Now you can remove the repository of _HoundSploit_ you have downloaded, because this repository has been cloned in `~/.HoundSploit/houndsploit` for supporting automatic updates.

If you have already installed the version 2.1.0 of _hsploit_ or you never installed _hsploit_, you can check if there is the directory `~/HoundSploit` and then you can delete it.

### Windows (Preview)

Before proceding with the installation, be sure that you have installed Python from the [official site](https://www.python.org/downloads/) and not from the Windows Store

Run a _PowerShell_ session as _Administrator_

```powershell

PS> git clone https://github.com/nicolas-carolo/houndsploit

PS> cd houndsploit

PS> powershell.exe -ExecutionPolicy Bypass -File .\install_db_windows.ps1

PS> pip install -r requirements.txt

PS> python setup.py install

```

Now you can remove the repository of _HoundSploit_ you have downloaded, because this repository has been cloned in `~\.HoundSploit\houndsploit` for supporting automatic updates.

### Troubleshooting

If you encounter problems during the installation phase, please run:

```sh

$ rm -fr ~/.HoundSploit

```

and then repeat the installation phase.

## USAGE

1. Run _HoundSploit_ server:

   ```sh

   $ houndsploit

   ```

2. Go to `http://localhost:5000`

## COPYRIGHT

Copyright © 2021, Nicolas Carolo.

All rights reserved.

Redistribution and use in source and binary forms, with or without

modification, are permitted provided that the following conditions are

met:

1. Redistributions of source code must retain the above copyright

   notice, this list of conditions, and the following disclaimer.

2. Redistributions in binary form must reproduce the above copyright

   notice, this list of conditions, and the following disclaimer in the

   documentation and/or other materials provided with the distribution.

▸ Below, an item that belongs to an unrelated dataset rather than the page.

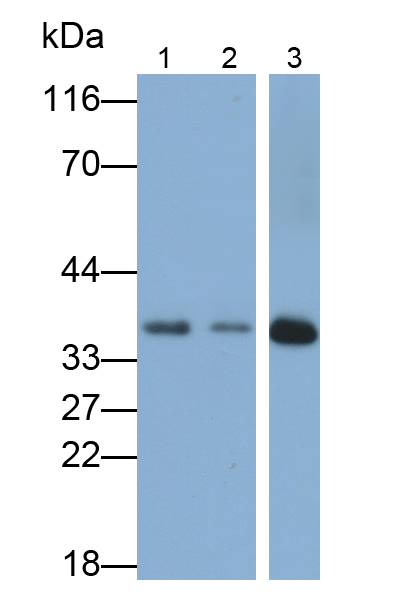 膜聯(lián)蛋白A5(ANXA5)多克隆抗體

3. Neither the name of the author of this software nor the names of

   contributors to this software may be used to endorse or promote

   products derived from this software without specific prior written

   consent.

THIS SOFTWARE IS PROVIDED BY THE COPYRIGHT HOLDERS AND CONTRIBUTORS

"AS IS" AND ANY EXPRESS OR IMPLIED WARRANTIES, INCLUDING, BUT NOT

LIMITED TO, THE IMPLIED WARRANTIES OF MERCHANTABILITY AND FITNESS FOR

A PARTICULAR PURPOSE ARE DISCLAIMED.  IN NO EVENT SHALL THE COPYRIGHT

OWNER OR CONTRIBUTORS BE LIABLE FOR ANY DIRECT, INDIRECT, INCIDENTAL,

SPECIAL, EXEMPLARY, OR CONSEQUENTIAL DAMAGES (INCLUDING, BUT NOT

LIMITED TO, PROCUREMENT OF SUBSTITUTE GOODS OR SERVICES; LOSS OF USE,

DATA, OR PROFITS; OR BUSINESS INTERRUPTION) HOWEVER CAUSED AND ON ANY

THEORY OF LIABILITY, WHETHER IN CONTRACT, STRICT LIABILITY, OR TORT

(INCLUDING NEGLIGENCE OR OTHERWISE) ARISING IN ANY WAY OUT OF THE USE

OF THIS SOFTWARE, EVEN IF ADVISED OF THE POSSIBILITY OF SUCH DAMAGE.